Tom Henske, ChFC, CLU, CLTC, CFS, CFP, CTS, is the founder of Henske Advisors, which was acquired by National Financial Partners. He is now one of seven partners nationwide for Lenox Advisors, a wholly owned subsidiary of NFP, and lives in Westport, Ct. His focus in financial planning is asset and risk management and raising money-smart kids. He recently wrote a book entitled, “From Me to We,” in which he details the practice management success of Lenox. He is a 10-year member of the Million Dollar Round Table (MDRT) and has two Court of the Table qualifications.
Randy L. Scritchfield, CFP, LUTCF, is president of Montgomery Financial Group in Damascus, Md. A 28-year MDRT member with three Court of the Table and 11 Top of the Table qualifications, he serves as the Divisional Vice President of Top of the Table. Scritchfield is a past member of the MDRT Foundation Board of Trustees, and is a Diamond Knight of the Foundation. He balances industry leadership with community involvement, currently serving as immediate past chairman of the BlackRock Center for the Arts.
Derek T. Stephens is a financial representative for Northwestern Mutual.

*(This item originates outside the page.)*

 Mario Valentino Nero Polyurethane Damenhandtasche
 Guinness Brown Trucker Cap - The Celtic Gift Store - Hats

His office is in St. Louis, and he specializes in asset and income protection and comprehensive retirement plans, including wealth accumulation and retirement strategies. In addition, he coaches varsity ice hockey for one of the St. Louis-area high school teams.
Readers of a certain generation almost certainly will recognize the headline above as a line from one of The Who’s most famous songs. In fact, it’s quite likely that many of the generation Pete Townshend was writing about may not only know every lyric to this classic rock hit, but they also may still feel a wave of the powerful emotions that the song stirred in them back when they were young and heard it with fresh ears.

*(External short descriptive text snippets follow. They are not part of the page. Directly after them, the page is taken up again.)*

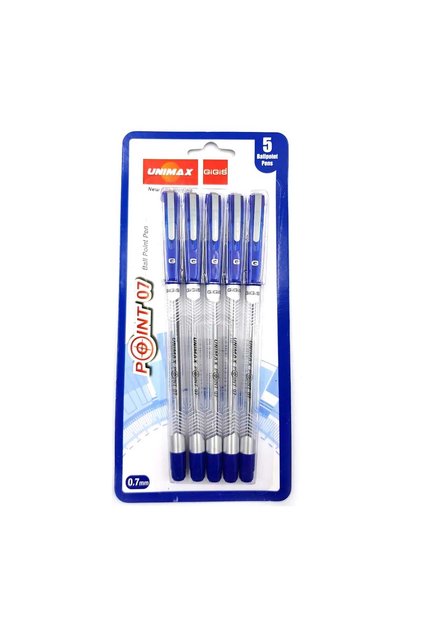 0.7mm Point 07 Blue Pen 5pcs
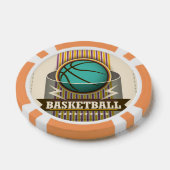 Basketball Sport Ball Game Cool Pokerchips (Enkel)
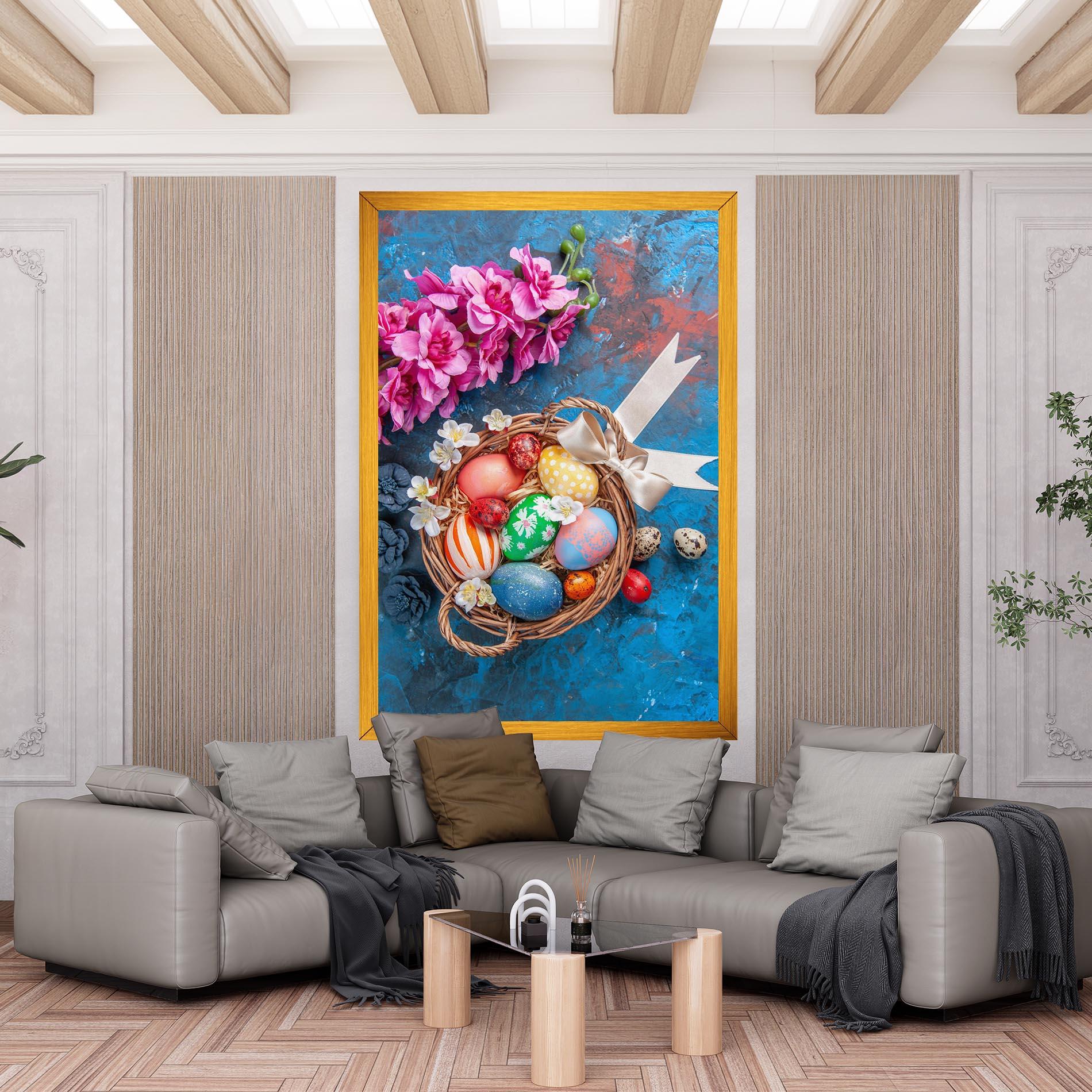 Картина на платно Colored Easter Eggs mockup 6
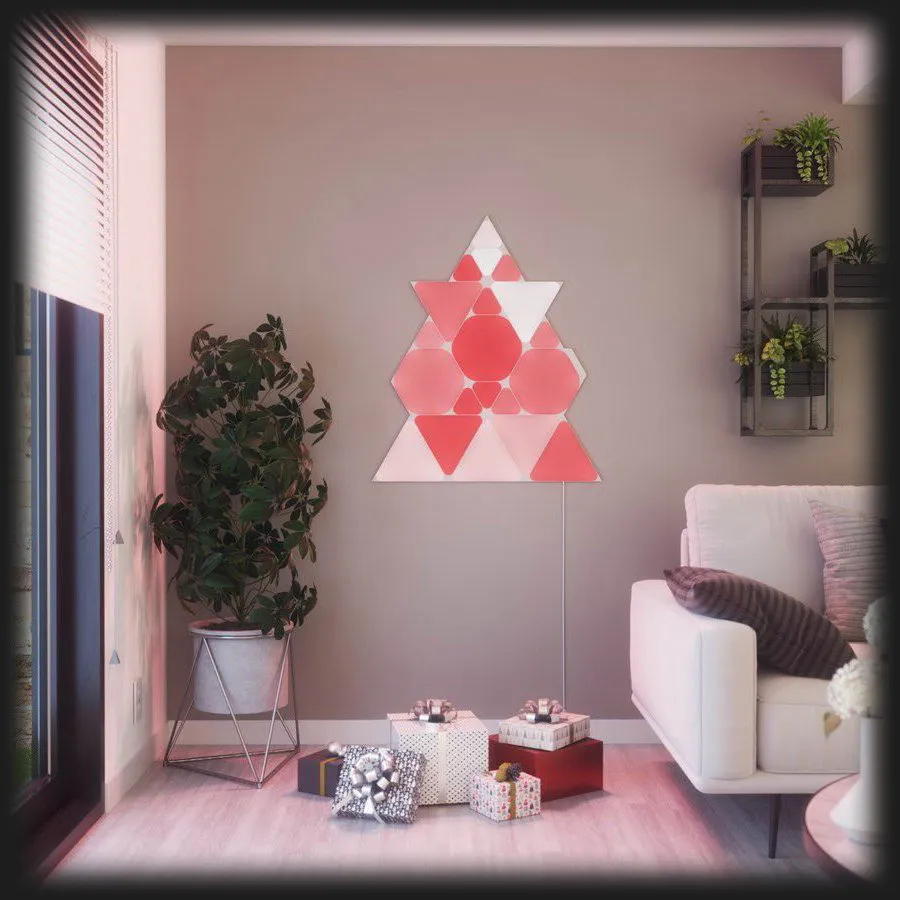 Система освещения Nanoleaf Shapes Triangles Starter Kit Apple Homekit, 9 шт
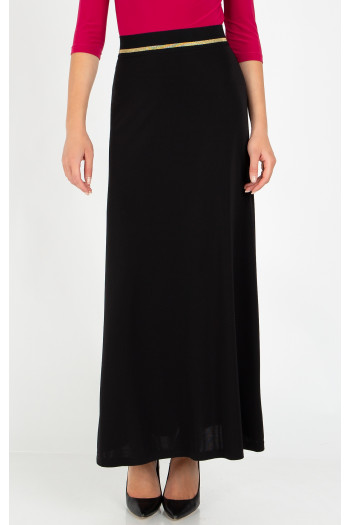 Black maxi skirt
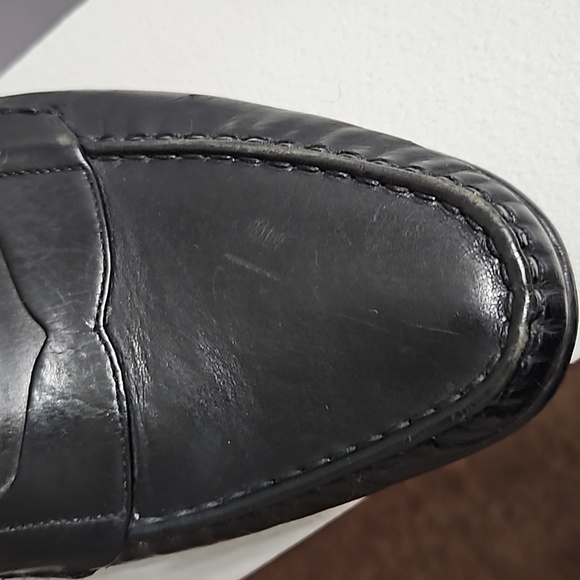 Cole Haan Men's Leather Slip on Penny Loafers Sz. 10N Black Made in USA - Picture 3 of 6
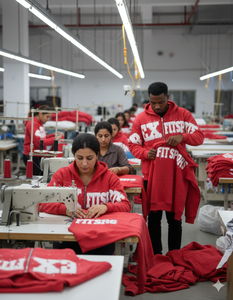 เสื้อฮู้ดดี้ REXFIT SPORTS แฟชั่นสตรีทแวร์สไตล์วินเทจ สีแดงฟอก แต่งลายปักแบบแอพพลิเคชั่น ทรงโอเวอร์ไซส์ สำหรับผู้ชาย ฤดูหนาวและฤดูใบไม้ผลิ - Product Image 2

And that’s kind of the point of this month’s roundtable.
Each generation has certain perspectives, ideas, habits, biases and ways of looking at the world that are unique to the members of that generation. I think most of us know that intuitively. But this month, we go beyond intuition and speak to three producers who specialize in three different generations — the baby boomers, Generation X, and Generation Y — in order to examine some practical ideas on the variety of problems each generation faces and the solutions people within those generations find most appealing. Providing the ideas are the following producers: Tom Henske, ChFC, CLU, CLTC, CFS, with expertise in Generation X; Randy L. Scritchfield, CFP, LUTCF, with expertise in working with baby boomers; and Derek T. Stephens, a successful young producer who focuses on Generation Y.
Choosing a clientele
Charles K. Hirsch, CLU: Please talk a little bit about the generation you serve and how you ended up with so much of your business focused on people in this age group. Was this a conscious business strategy, did you simply find that you relate better to the people of this generation, or was it something else?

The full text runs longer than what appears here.